Reproduce the data shown below exactly.

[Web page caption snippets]
☆ ☆ ☆

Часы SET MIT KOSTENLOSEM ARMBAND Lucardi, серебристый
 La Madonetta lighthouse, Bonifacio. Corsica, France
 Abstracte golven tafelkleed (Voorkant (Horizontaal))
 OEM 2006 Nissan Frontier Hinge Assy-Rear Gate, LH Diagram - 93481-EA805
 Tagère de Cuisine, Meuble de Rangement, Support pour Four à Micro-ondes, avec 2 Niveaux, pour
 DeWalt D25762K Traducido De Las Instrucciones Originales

☆ ☆ ☆

Solved exercise ::
Часы SET MIT KOSTENLOSEM ARMBAND Lucardi, серебристый
 La Madonetta lighthouse, Bonifacio. Corsica, France
 Abstracte golven tafelkleed (Voorkant (Horizontaal))
 OEM 2006 Nissan Frontier Hinge Assy-Rear Gate, LH Diagram - 93481-EA805
 Tagère de Cuisine, Meuble de Rangement, Support pour Four à Micro-ondes, avec 2 Niveaux, pour
 DeWalt D25762K Traducido De Las Instrucciones Originales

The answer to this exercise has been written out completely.